‘Teenage body swap comedy anime’ is generally a series of words that would require me to miss a film at all costs, but Your Name is not a film that sticks to any sort of convention. A hilarious and deeply moving mediation on the difficulty of finding your identity in your formative years that revolves around a compelling cosmic mystery, it centres on city boy Taki (Ryunosoke Kamiki) and country girl Mitsuha (Mone Kamishiraishi), who change bodies at random intervals. Enigmatically connected to the arrival of a once-in-a-lifetime comet sighting, both of them initially struggle to remember what happens during the switches, but as they get better as recalling, they each set out on a quest to find the other.
After the retirement of the legendary Hayao Miyazaki and the semi-shuttering of Studio Ghibli, Japanese animation needed a new figurehead, and it could hardly do better than Makoto Shinkai. Your Name, easily Shinkai’s highest-profile project to date, clearly connected with Japanese audience, taking over 10 billion yen at the box office before moving west. And we’re so lucky that it did, fully deserving as it is of every bit of that money. I fully admit to struggling with non-Ghibli anime films, but Your Name transcends any trappings of the genre that you may find off-putting for one of the most obviously joyous cinema experiences of the year.
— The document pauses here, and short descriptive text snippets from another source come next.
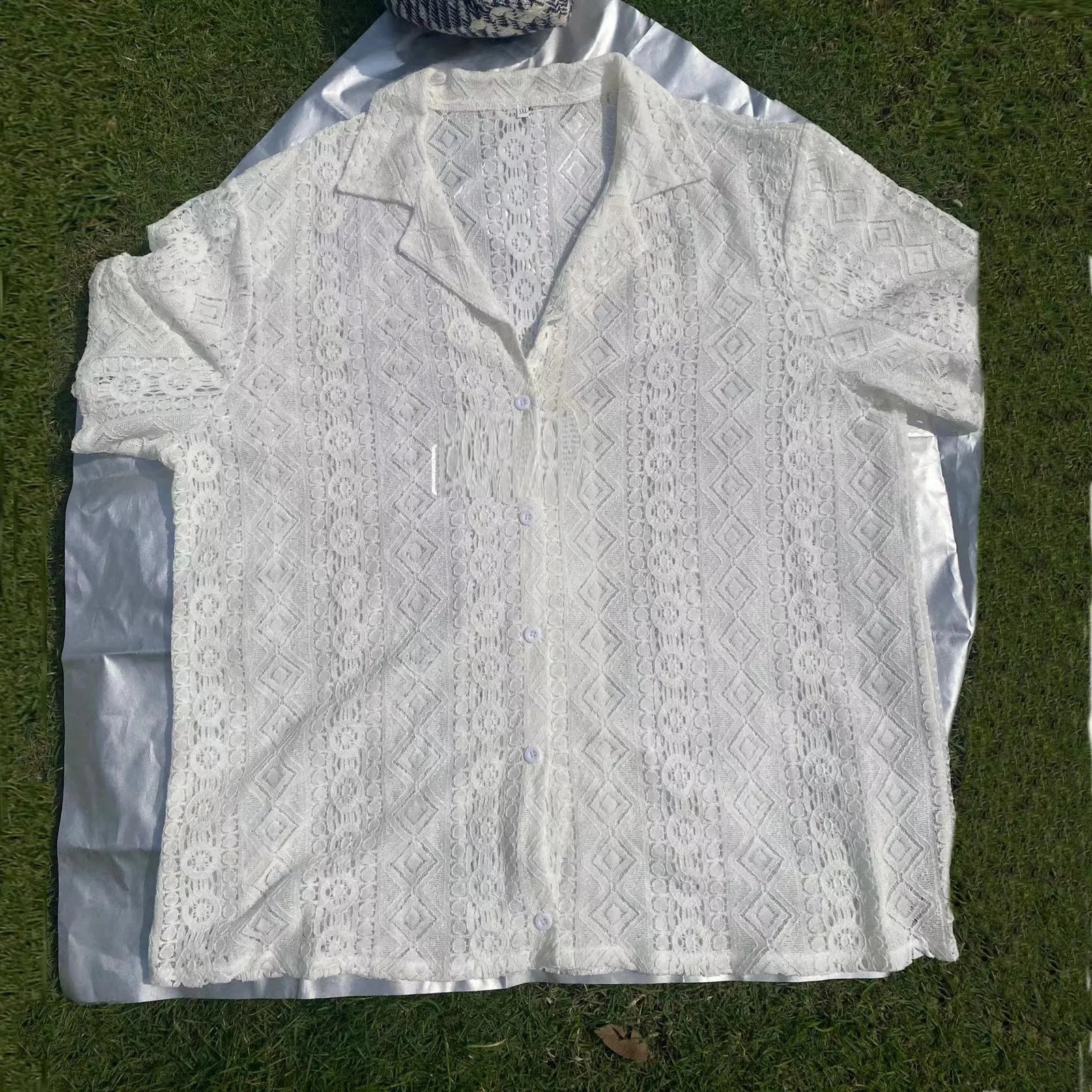 Summer Fashion Casual Style Mens Tops Hollow Out Lace Pane Solid Printed Sexy Blouse Male Knitted Short-sleeved Shirts 250222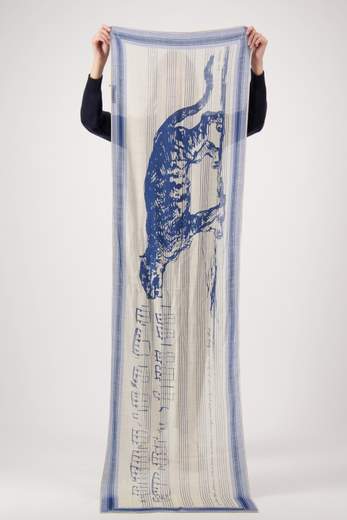 INOUI EDITIONS IMPROMPTU BLUE SCARF 55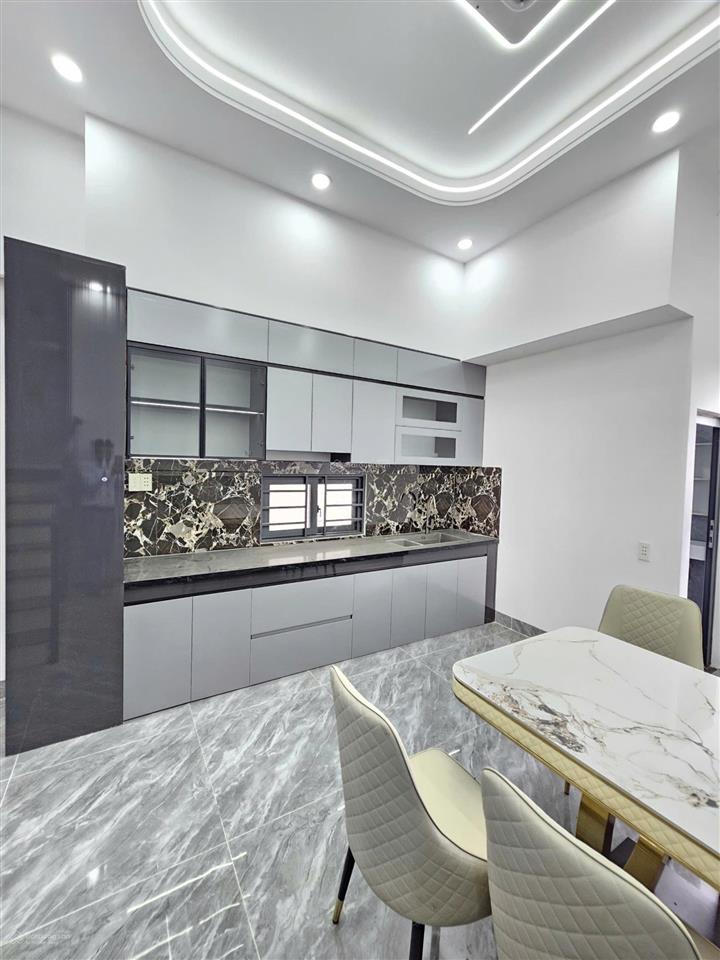 Bán nhà mới 1t2l 4x15m, đường d2 kdc icon central, full nội thất (giá rẻ, như căn góc)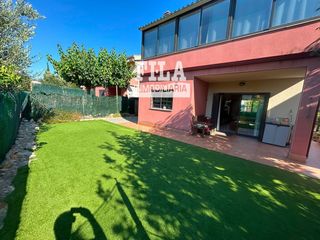 Casa adossada  Bruc. Casa unifamiliar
Visually, it’s utterly stunning, focusing more on crisp, geometric space than the more nature-focused work of Ghibli, and making sure that every setting looks both hyper-real and impossibly gorgeous. The comet itself makes fleeting but unforgettable appearances, and as the story raises its stakes and ambitions, so too does Shinkai’s direction, culminating in a jaw-dropping journey through time. For this moment, we leave the realistic animation behind in favour of the fluidity of watercolours, a visual transformation that makes such perfect thematic sense that it elevates what is already a great film into ‘phenomenal’ status.
Kamiki and Kamishiraishi both give great, engaging voice performances, each of them having to play both Taki and Mitsuha, depending on who’s inhabiting whose body at any given time. Shinkai finds a rich vein of comedy each time the body swap occurs, and though none of the jokes are particularly surprising in the context, they’re delivered with such aplomb that their expectedness doesn’t actually matter. Both characters take their lives for granted, and in their wishing for something different, they prove more adept at living one another’s lives than their own, Mitsuha taking particularly well to the task of being Taki.
Securing him a date and a better relationship with his manager/crush Okudera (Masami Nagasawa), she loves his busy city life, and even in a film that involves a mystical celestial occurrence, Shinkai never ignores the general struggles of teenagehood, nor does he understate their importance. All the stakes are genuine, and Your Name builds up so much good will for its characters and the world they inhabit that not only is every fresh escapade exciting, but come the final third, the emotional impact matches up to some of the very best of Ghibli’s output. A powerful new voice in the world of animation, Shinkai stakes his claim with Your Name to the Ghibli title of premiere Japanese cartoonist with immense style.